震災を象徴する松の木にも、11年の間に変化があった。
こちらは2022年8月12日に、ツイッターユーザーの「うがいし手洗いするおいでよ岩手」(@oiwate、以下「おいでよ岩手」)さんが投稿した1枚。同月上旬、岩手・陸前高田市の「奇跡の一本松」周辺を写したものだ。
奇跡の一本松とは、東日本大震災の津波で約7万本あったとも言われる松がほとんど流されてしまった高田松原で、唯一耐え残った松の木のこと。

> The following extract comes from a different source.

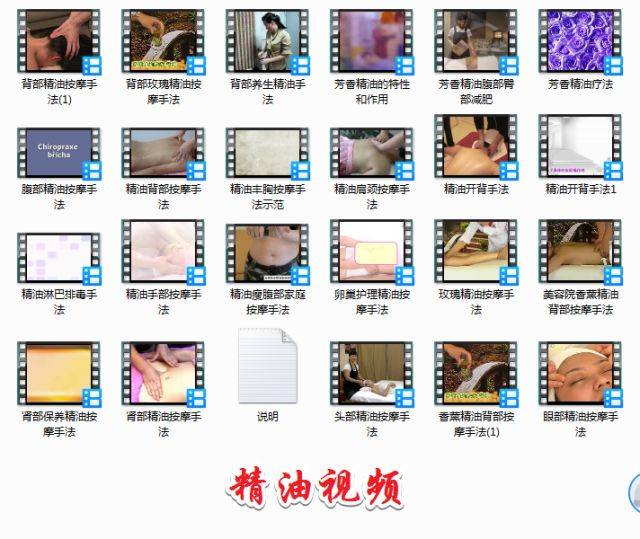 视频保健中医按摩在线观看_中医保健按摩视频_视频保健中医按摩教程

海水により深刻なダメージを受け、2012年5月に枯死が確認されたものの、その後はモニュメントとして大切に保存されている。
たった1本だけ取り残され、長い間ひとりぼっちの日々を送っていた奇跡の一本松。でも、今はもう違う。「おいでよ岩手」さんは、写真にこんな呟きを添えている。
「一本松が一人ぼっちじゃなくなりつつあるんだ見て」
兄弟たちが近くにいる
写真には、奇跡の一本松の近くに小さな松が複数生えている様子が収められている。まるで奇跡の一本松に仲間がいるようだ。
松たちは一体何なのだろうか。疑問に思ったJタウンネット記者は8月24日、陸前高田市を取材。応じた都市計画課の職員は、次のように説明した。
「周囲の松は奇跡の一本松の後継樹です。奇跡の一本松が生きている頃から接ぎ木などをして育てたものを植樹したものなんです」
奇跡の一本松の周囲にあるのは、その遺伝子を引き継いだ松。「簡単に言うと、きょうだいみたいなものですね」と職員は語る。
その兄弟たちを育てたのは住友林業(東京都千代田区)。19年9月24日付のプレスリリースによると、同社は震災直後から奇跡の一本松の後継樹育成を試み11年に「接ぎ木」と植物を種から育てる「実生(みしょう)」による苗木増殖に成功。その後育った後継樹3本が19年9月、陸前高田市に植樹された。
それから3年。彼らは長兄が見守る中で成長を続けている。
時間をかけて再生していく
そして、奇跡の一本松のそば以外でも、新たな動きがある。
津波によってほとんどが流された高田松原の松林は、約350年前から先人たちが植林を行い、市民の手で守り育ててきた誇り。いま、その再生が始まっているのだ。
岩手県とNPO法人「高田松原を守る会」が主体となり、17年から本格的に高田松原に松を植え始めた。そして、21年5月に4万本の植樹が完了している。
「今では高いもので1メートルまで成長した松もあります。
ただ、道のりは長いです。元の高田松原の姿を取り戻すには40~50年かかるとも言われています」(高田市都市計画課の職員)
奇跡の一本松の後継樹に、4万本の若い木が作る松林。景勝地として名高かった高田松原は、再びその場所で新たに育ち始めている。